======== Task material ========
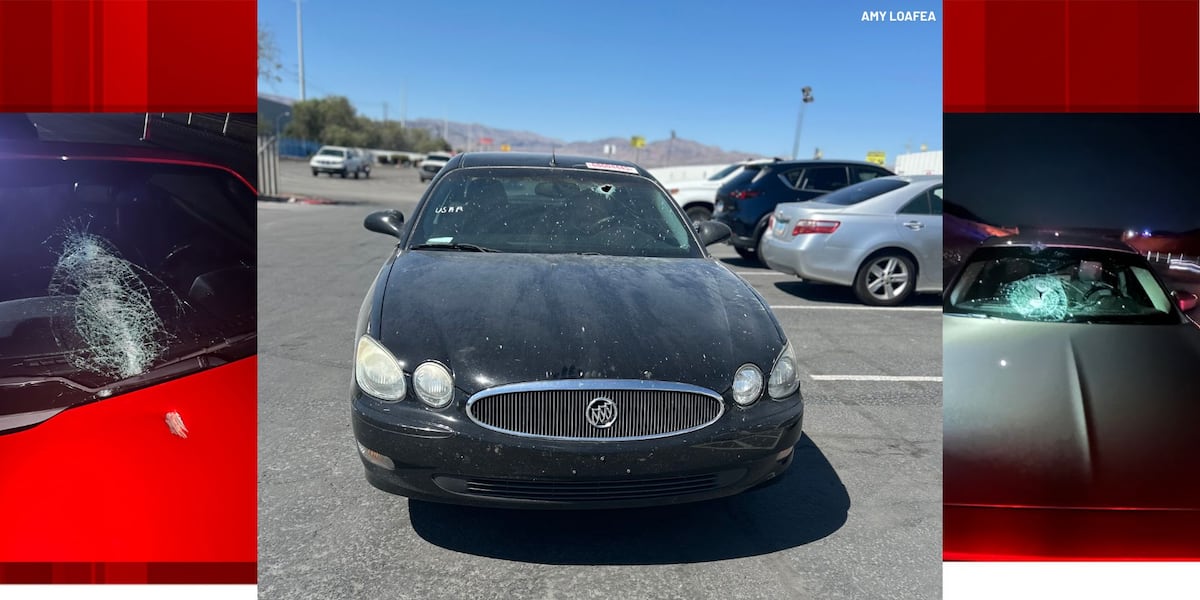 Victim of interstate rock attack wants answers from Southern Nevada officials Victim of interstate rock attack wants answers from Southern Nevada officials
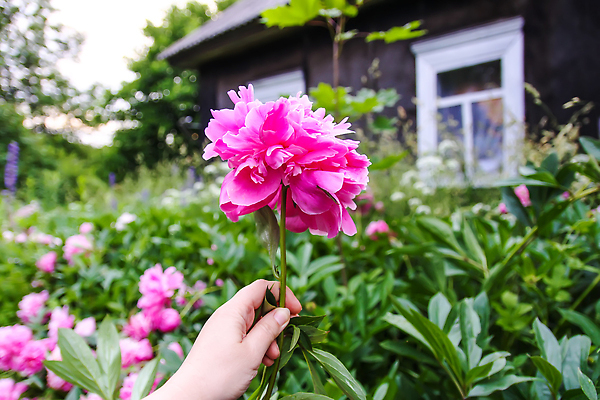 포토 JPG 해외이미지 식물 계절 공원 꽃잎 꽃 분홍색 컬러 여행 백그라운드 꽃무늬 자연 주택 사람없음 야외 장식 초록색 여름 뷰티 마을 정원 보라색 봄 낭만 수확 벚꽃 시골 신선 도시 개화 원예 타운 내추럴 작약 해외202309 해외포토 공공시설 컨셉 무늬 농업 취미 건물 생태계 파일형식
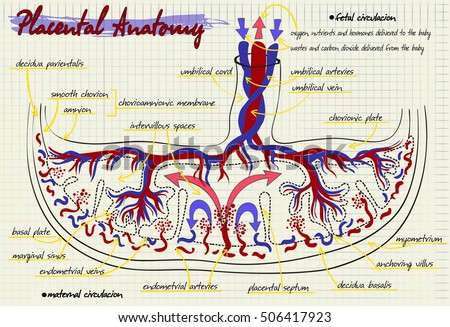 Placenta Stock Photos, Royalty-Free Images & Vectors - Shutterstock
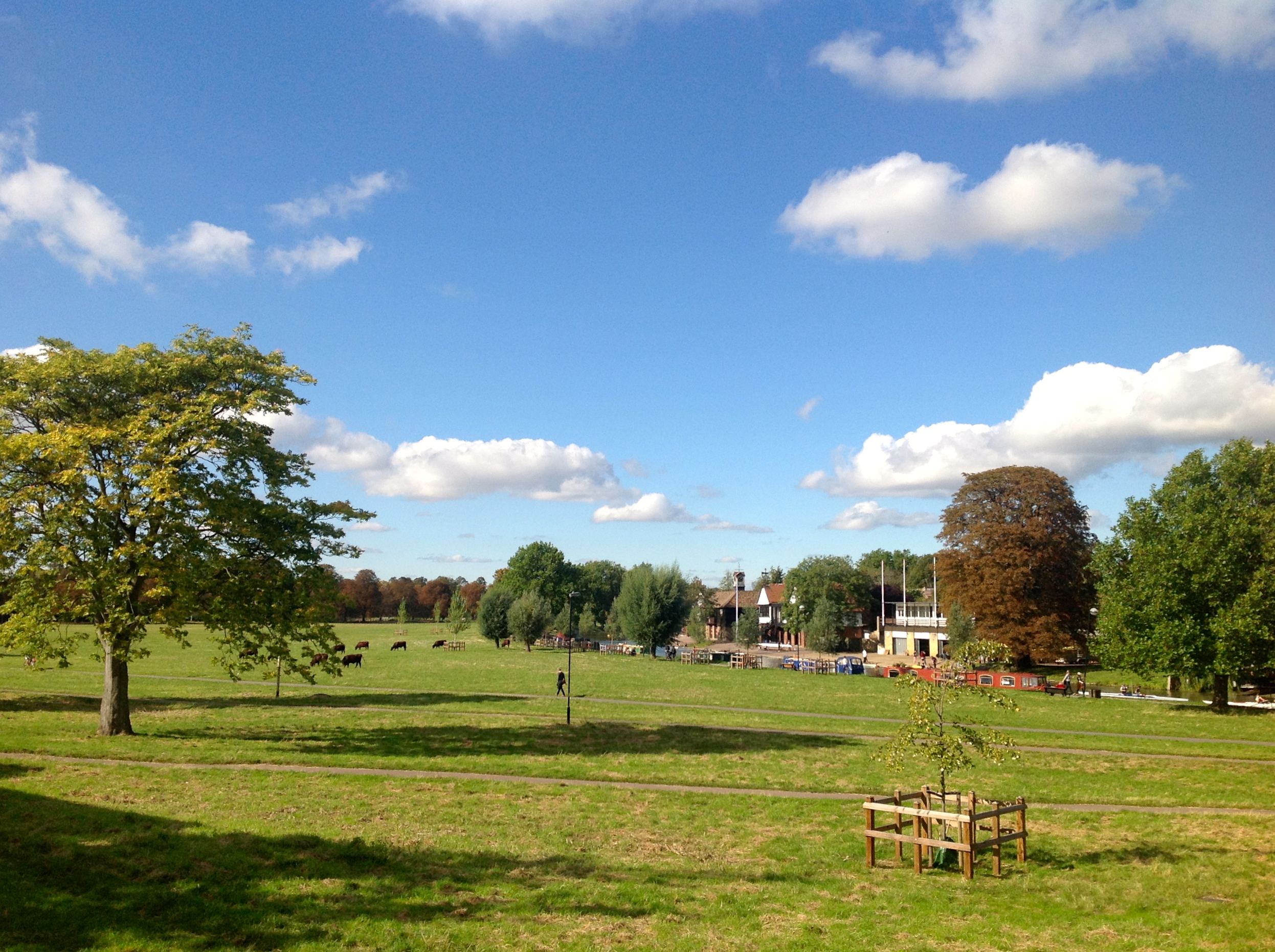 Midsummer Common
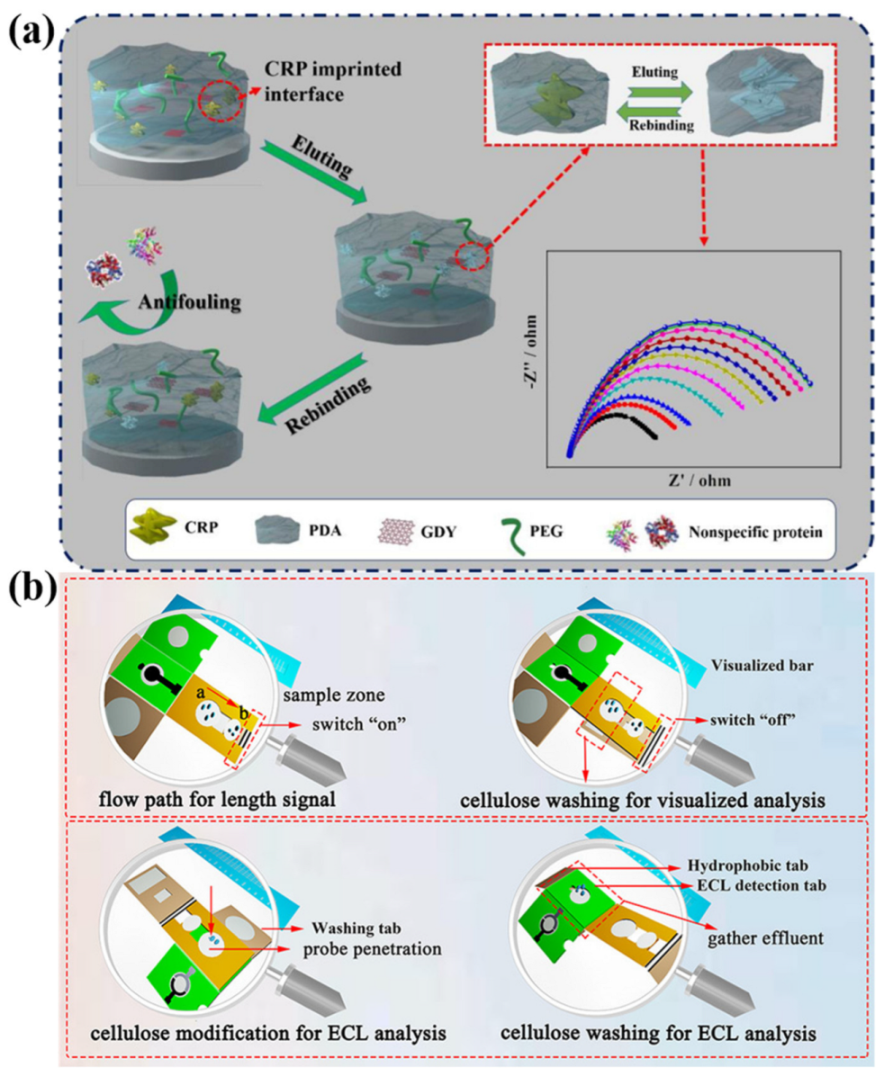 Chemosensors 11 00481 g004
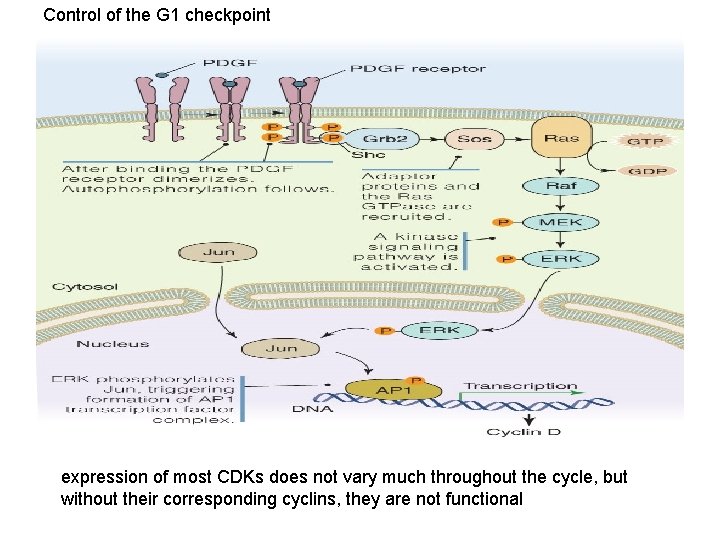 Control of the G 1 checkpoint expression of most CDKs does not vary much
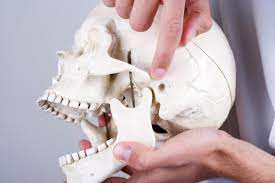 Online TMD Blog, Local TMJ Information & Online TMJ Treatment Chat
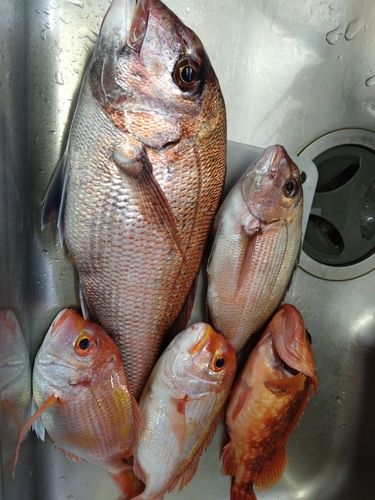 マダイの釣果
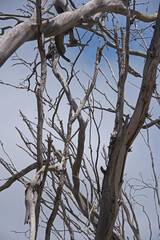 A bunch of dead trees and branches seen against blue sky with some low fog clouds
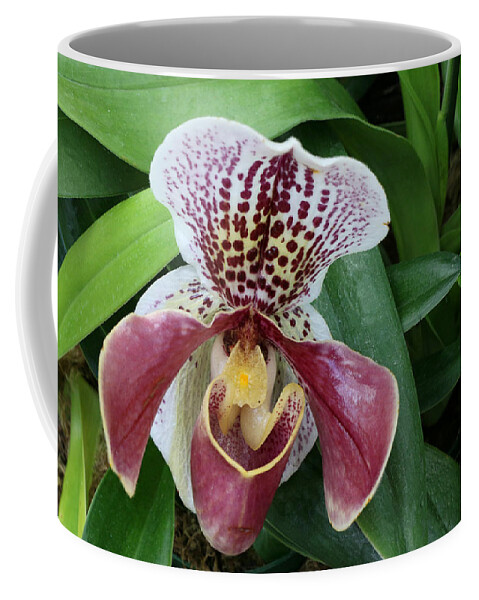 Slipper Orchid Coffee Mug featuring the photograph Slipper Orchid 1 by Allen Beatty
========
**Task to complete:** Excluding the images, return each record above precisely as written.

**Task solution:**
 Victim of interstate rock attack wants answers from Southern Nevada officials Victim of interstate rock attack wants answers from Southern Nevada officials
 포토 JPG 해외이미지 식물 계절 공원 꽃잎 꽃 분홍색 컬러 여행 백그라운드 꽃무늬 자연 주택 사람없음 야외 장식 초록색 여름 뷰티 마을 정원 보라색 봄 낭만 수확 벚꽃 시골 신선 도시 개화 원예 타운 내추럴 작약 해외202309 해외포토 공공시설 컨셉 무늬 농업 취미 건물 생태계 파일형식
 Placenta Stock Photos, Royalty-Free Images & Vectors - Shutterstock
 Midsummer Common
 Chemosensors 11 00481 g004
 Control of the G 1 checkpoint expression of most CDKs does not vary much
 Online TMD Blog, Local TMJ Information & Online TMJ Treatment Chat
 マダイの釣果
 A bunch of dead trees and branches seen against blue sky with some low fog clouds
 Slipper Orchid Coffee Mug featuring the photograph Slipper Orchid 1 by Allen Beatty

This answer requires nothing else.